In a Legal Insight post from 2014, ‘The
Future of Law: Disappearing Legal Library and Virtual Firms’ an infographic
showed that by 2044 45% of respondents surveyed believed that their legal
library would virtually disappear.
Ignoring the opportunities to analyse the phrase “virtually
disappear”, I’m choosing to assume that this is in reference to physical floor
space. Sure, there’s our physical collections will continue to shrink – but
even by 2044, I doubt that everything we hold in print will be available
electronically. Or at least in a functional way.
A more recent Thomson Reuters Whitepaper, Law
Libraries’ Digital Revolution, discusses the benefits of moving to
eBook collections.
Now, I’m pro eBook in theory. If only they worked the same
as a hardcopy.
Consider:
- Mental topography, or, when we read on dead trees, do we retain more? (See: The Reading Brain in the Digital Age: The Science of Paper versus Screens).
- eBooks don’t necessarily equal a saving in money (or time).
- Speed of retrieval: catalogue-shelf-read v log in to website-borrow book-log out of website-download and install app-log into app-download book-read (streamlined to avoid the wifi won’t connect matters).
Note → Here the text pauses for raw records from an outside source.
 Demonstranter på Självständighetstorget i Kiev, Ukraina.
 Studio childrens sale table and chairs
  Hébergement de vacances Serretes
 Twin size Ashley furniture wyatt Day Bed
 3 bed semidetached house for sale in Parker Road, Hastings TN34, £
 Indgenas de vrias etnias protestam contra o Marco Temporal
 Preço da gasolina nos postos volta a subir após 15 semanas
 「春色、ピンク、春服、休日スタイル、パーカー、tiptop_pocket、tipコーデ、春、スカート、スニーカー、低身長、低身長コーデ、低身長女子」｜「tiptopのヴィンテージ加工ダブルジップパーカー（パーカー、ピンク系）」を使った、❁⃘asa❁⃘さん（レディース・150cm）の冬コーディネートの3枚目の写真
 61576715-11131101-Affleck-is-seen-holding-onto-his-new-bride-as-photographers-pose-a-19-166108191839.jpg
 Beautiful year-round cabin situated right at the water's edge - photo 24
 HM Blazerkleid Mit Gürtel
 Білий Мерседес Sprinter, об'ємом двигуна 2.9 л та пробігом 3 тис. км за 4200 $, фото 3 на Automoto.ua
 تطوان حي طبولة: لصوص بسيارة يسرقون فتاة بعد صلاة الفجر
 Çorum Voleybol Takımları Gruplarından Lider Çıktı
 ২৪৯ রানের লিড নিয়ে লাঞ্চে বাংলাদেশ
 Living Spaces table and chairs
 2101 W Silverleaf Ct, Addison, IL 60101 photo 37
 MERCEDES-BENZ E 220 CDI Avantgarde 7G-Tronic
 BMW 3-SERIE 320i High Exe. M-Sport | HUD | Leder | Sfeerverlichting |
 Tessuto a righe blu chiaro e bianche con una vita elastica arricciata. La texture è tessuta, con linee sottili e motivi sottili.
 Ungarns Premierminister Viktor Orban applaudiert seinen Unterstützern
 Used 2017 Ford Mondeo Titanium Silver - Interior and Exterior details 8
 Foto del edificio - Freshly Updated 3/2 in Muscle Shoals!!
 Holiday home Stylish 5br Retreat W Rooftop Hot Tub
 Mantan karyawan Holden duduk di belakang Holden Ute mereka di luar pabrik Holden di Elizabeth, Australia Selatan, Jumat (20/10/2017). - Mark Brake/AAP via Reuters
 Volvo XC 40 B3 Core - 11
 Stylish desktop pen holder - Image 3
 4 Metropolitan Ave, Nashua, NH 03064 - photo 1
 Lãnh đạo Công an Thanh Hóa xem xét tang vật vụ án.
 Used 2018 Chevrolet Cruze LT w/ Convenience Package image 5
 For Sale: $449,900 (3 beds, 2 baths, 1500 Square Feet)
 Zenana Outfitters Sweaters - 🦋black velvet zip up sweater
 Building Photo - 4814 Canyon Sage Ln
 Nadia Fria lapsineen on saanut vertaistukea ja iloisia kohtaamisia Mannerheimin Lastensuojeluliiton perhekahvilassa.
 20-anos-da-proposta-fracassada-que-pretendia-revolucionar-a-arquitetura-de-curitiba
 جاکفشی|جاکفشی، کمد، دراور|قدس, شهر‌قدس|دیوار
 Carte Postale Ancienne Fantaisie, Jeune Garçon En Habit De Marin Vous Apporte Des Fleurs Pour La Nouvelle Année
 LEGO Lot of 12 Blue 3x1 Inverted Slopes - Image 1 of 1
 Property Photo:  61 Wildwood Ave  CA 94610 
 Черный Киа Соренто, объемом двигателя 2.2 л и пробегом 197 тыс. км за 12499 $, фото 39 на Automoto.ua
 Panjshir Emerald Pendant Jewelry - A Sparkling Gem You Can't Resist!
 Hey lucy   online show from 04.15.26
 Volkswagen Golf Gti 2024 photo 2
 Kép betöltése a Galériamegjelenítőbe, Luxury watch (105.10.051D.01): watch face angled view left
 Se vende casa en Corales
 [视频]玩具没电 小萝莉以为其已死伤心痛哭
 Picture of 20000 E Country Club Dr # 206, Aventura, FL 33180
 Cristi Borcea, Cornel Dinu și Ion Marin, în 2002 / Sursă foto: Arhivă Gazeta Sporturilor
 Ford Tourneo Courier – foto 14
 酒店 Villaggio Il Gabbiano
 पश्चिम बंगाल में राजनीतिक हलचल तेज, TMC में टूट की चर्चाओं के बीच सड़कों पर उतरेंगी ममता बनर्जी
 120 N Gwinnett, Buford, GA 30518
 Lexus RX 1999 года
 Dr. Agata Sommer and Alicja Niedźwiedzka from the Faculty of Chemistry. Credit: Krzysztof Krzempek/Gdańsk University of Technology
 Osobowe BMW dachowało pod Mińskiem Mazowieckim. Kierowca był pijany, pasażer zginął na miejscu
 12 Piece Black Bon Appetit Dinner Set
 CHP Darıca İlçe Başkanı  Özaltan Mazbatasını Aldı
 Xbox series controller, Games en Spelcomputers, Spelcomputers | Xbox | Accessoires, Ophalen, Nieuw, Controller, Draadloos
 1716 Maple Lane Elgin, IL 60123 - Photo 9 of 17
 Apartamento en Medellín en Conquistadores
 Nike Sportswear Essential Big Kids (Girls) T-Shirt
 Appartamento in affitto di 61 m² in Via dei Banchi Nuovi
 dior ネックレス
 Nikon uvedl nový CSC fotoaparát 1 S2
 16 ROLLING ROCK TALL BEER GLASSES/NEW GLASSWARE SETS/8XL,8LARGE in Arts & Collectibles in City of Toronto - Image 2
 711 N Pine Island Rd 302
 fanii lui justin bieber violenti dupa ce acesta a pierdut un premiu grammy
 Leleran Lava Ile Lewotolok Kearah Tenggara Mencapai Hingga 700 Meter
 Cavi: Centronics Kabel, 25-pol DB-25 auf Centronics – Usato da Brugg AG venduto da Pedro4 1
- Many publishers only sell eBooks to individuals, so the Library is left out of the bargain.
- The ability to mark up, tag, refer to in court, not electrocute yourself when you drop it in the bathtub….
- The availability of indexes – sure I can search the electronic encyclopaedia but what if I just want to browse for a topic?
- Delays in the new edition of a book becoming available in eBook, out of date materials are a big danger in any practice.
- Inter Library Loans. Libraries have fewer avenues for access to legal materials held in other collections. This of course has a great impact on the public who have restricted access to legal information already by virtue of case report series sitting behind publisher paywalls.